* _WHAT THIS TASK INVOLVES_: Only the lines below starting at the one that contains "Picton Long Sleeve" and ending at the one that contains "8R0601025C ⭕ 2009-2017" are to be reproduced, exactly and with both ends kept.

* _DATASET EXTRACT_:
+ + + +

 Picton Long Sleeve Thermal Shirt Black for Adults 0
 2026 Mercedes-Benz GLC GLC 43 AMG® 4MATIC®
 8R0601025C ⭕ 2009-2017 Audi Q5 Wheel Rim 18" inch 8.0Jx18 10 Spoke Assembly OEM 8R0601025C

+ + + +

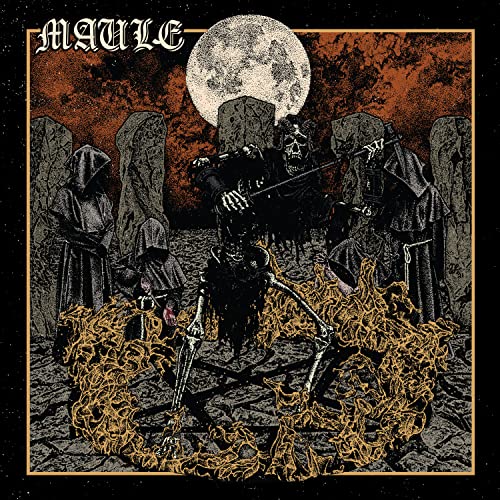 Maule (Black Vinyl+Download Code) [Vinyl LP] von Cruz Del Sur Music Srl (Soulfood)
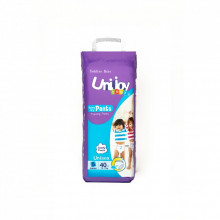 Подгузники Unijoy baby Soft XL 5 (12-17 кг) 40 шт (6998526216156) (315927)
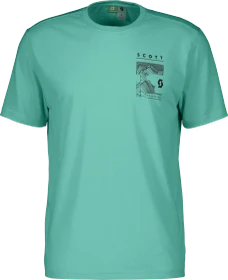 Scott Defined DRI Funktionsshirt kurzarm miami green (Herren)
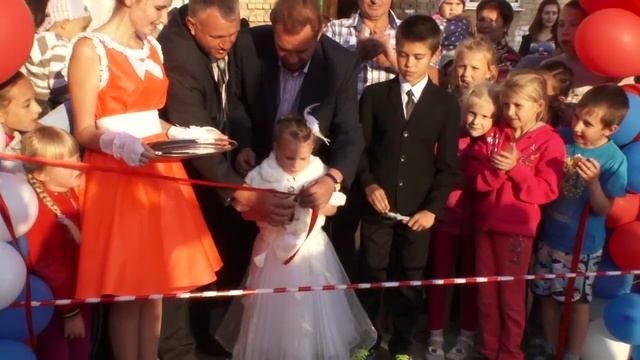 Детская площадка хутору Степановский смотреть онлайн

+ + + +

* _TASK ANSWER_:
 Picton Long Sleeve Thermal Shirt Black for Adults 0
 2026 Mercedes-Benz GLC GLC 43 AMG® 4MATIC®
 8R0601025C ⭕ 2009-2017 Audi Q5 Wheel Rim 18" inch 8.0Jx18 10 Spoke Assembly OEM 8R0601025C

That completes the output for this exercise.